When and where and how we decide to spend time with God will look different for everyone. For those of us who choose to do so first thing in the morning, here is one rule that will massively impact your quiet time: Don’t grab your phone until after you are done spending time with God.
At one point I struggled with the habit of reaching for my phone to check things before my quiet time. Since all habits either serve you or don’t, I asked myself how this was serving me? It wasn’t at all. In fact, it made it even harder to spend more focused time on the Lord.
For those that prefer online devotions this will be more challenging. I’d encourage you to find a way to either download them and stay in airplane mode, print them or find a physical devotional like My Utmost for His Highest.
Start by performing a little heart check and ask yourself if you have a habit of checking your phone before you get into the Word. If the answer is yes, ask whether or not that habit is serving you. If it’s not, give it a shot for a week. Commit to 5 days of staying off your phone until after your morning time with God. It made a huge difference in my walk and I am confident it will do the same for you!
Practice a Social Media Sabbath
“For in six days the LORD made the heavens and the earth, the sea, and all that is in them, but he rested on the seventh day. Therefore the LORD blessed the Sabbath day and made it holy.” Exodus 20:11
For our family, Sabbath takes place from sundown on Friday to sundown on Saturday. It has become a gift from God that we truly cherish! God really did know we would need that day of rest so whatever day it happens to be for you, I highly encourage you to honor it.
Besides not working, we also decided to include a 24 hour pause on all social media. This means no Instagram, Facebook, Twitter etc. It looks like us giving our thumbs a break and our minds a chance to be present on all that is around us.
There’s a reason why this day has become my favorite day of the week. The 24-hour rest from social media has only made it better. There is less stress, less wasted time, and more time spent praising God and being present with those we encounter.
Interestingly enough, the break from social media on that day often leads to a break from the phone & tv all together. While it may seem daunting to some, I couldn’t recommend it enough. If you’re anything like me you’ll find that a weekly pause of all things social gives your mind a much needed break, lowers your stress levels, and simply allows you to enjoy all of the tiny moments that make life so precious.

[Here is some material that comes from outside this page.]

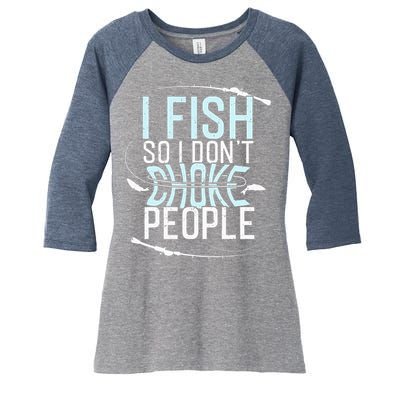 Fishing Funny Fishing Fishing Lover Women's Tri-Blend 3/4-Sleeve Raglan Shirt
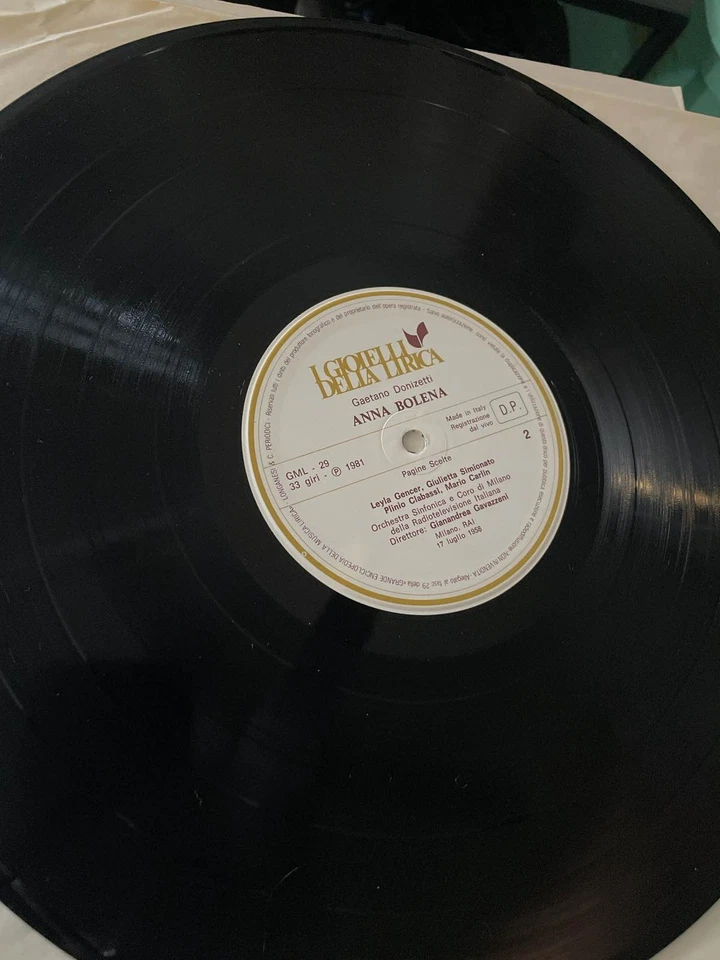 Donizetti Anna Bolena Gencer Simionato Gavazzeni LP 1981 - Image 3 of 3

The Importance of Stilling Your Mind
If you are someone who has never struggled with being on your phone too much or if you already recognize and do something about it, I applaud you!
However, if you find yourself in an unhealthy relationship with your cellular device, I’d encourage you to try one if not all three tips above for at least a week. If you do, will you leave us a comment & let us know which one you're going to try?
The important piece is determining what works best in regards to creating a healthier daily rhythm of life. Practice, experiment and don’t worry about failing - it’s all part of the process!
At the very least just start. I promise you won’t regret it.